** Task instructions **
Looking at the listing below, retype exactly the lines starting at the one containing "广东湛江海警局开展伏季休渔专项执法行动" and ending at the one containing "9205 Glenarden Pkwy, Lanham, MD", both included, and nothing else.
*** Opening Dataset entries ***
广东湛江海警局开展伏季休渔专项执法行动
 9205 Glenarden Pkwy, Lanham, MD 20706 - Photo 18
*** Closing Dataset entries ***
*** Opening Dataset entries ***
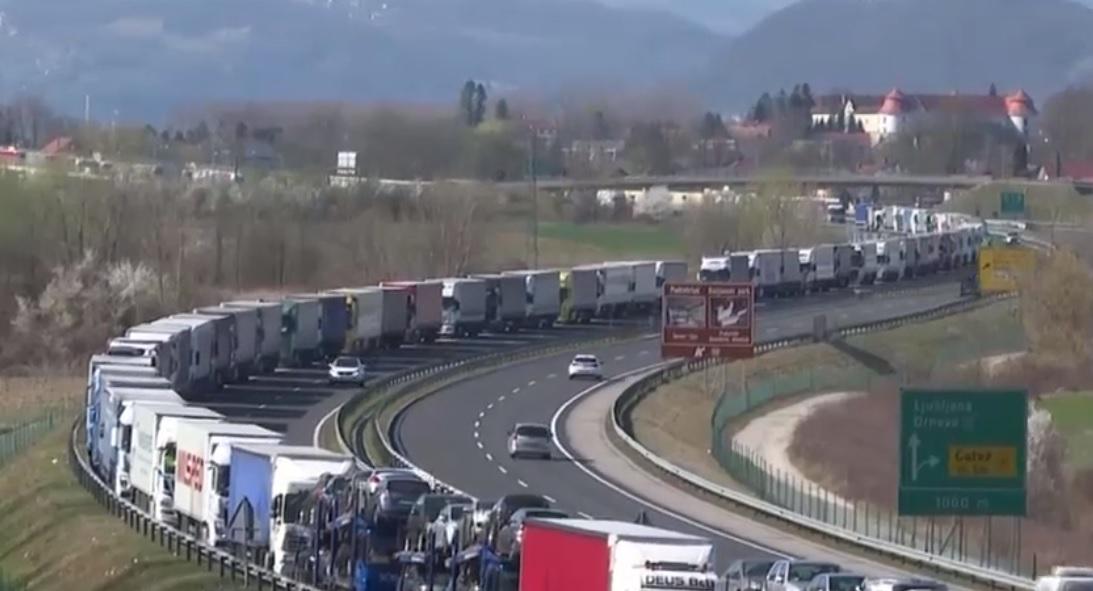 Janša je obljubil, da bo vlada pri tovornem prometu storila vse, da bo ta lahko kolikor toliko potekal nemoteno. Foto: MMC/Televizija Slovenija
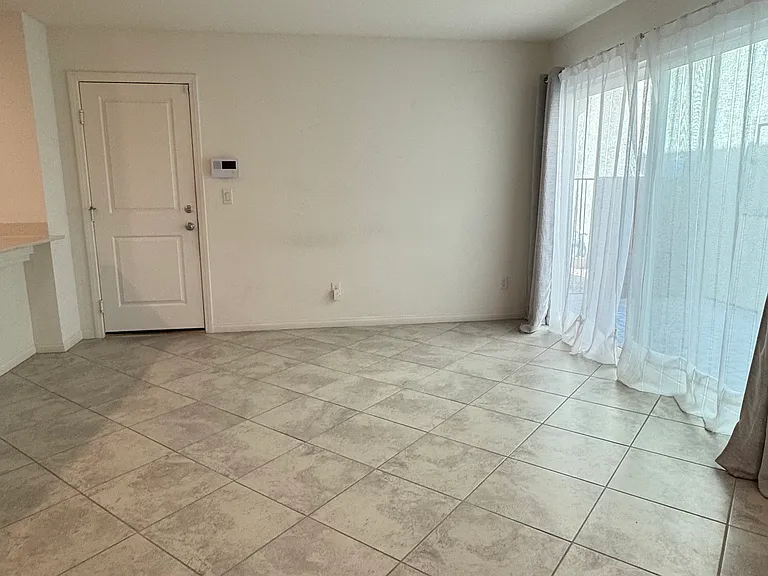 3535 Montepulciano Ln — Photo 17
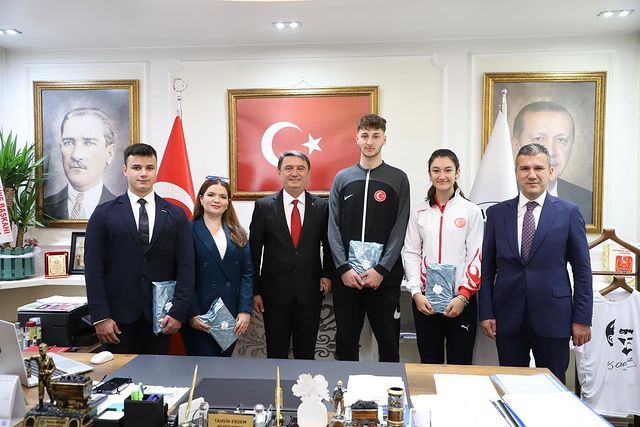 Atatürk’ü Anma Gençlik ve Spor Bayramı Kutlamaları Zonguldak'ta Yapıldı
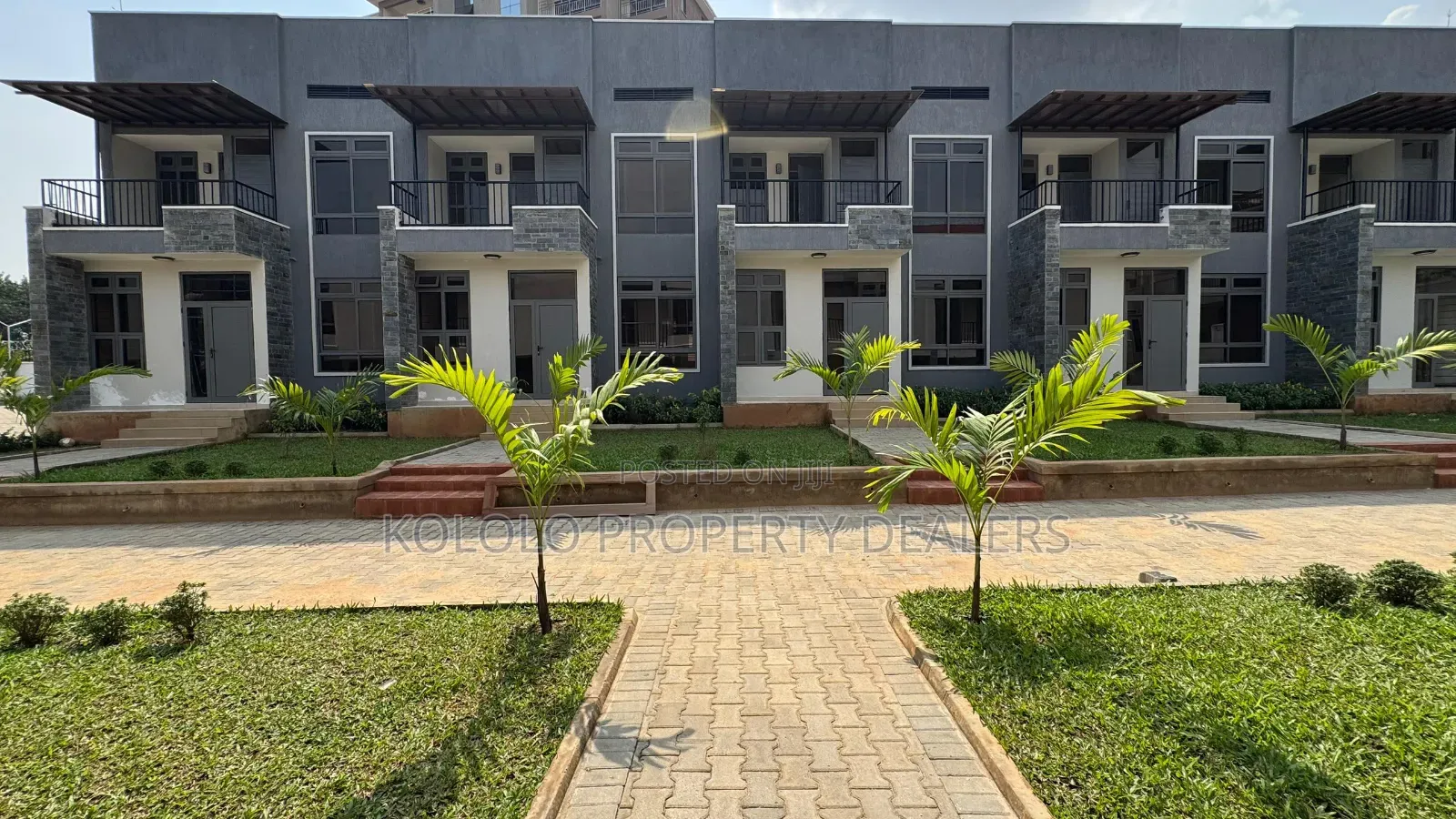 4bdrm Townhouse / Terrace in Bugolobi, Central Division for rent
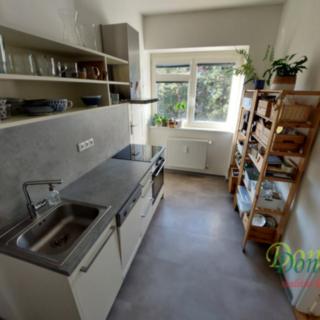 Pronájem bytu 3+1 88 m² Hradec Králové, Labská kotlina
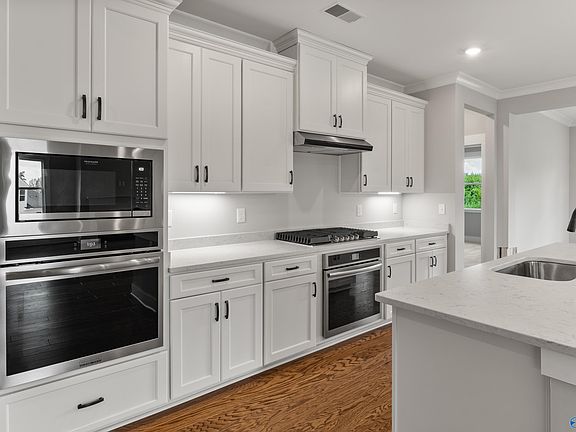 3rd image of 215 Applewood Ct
*** Closing Dataset entries ***
** Task answer **
广东湛江海警局开展伏季休渔专项执法行动
 9205 Glenarden Pkwy, Lanham, MD 20706 - Photo 18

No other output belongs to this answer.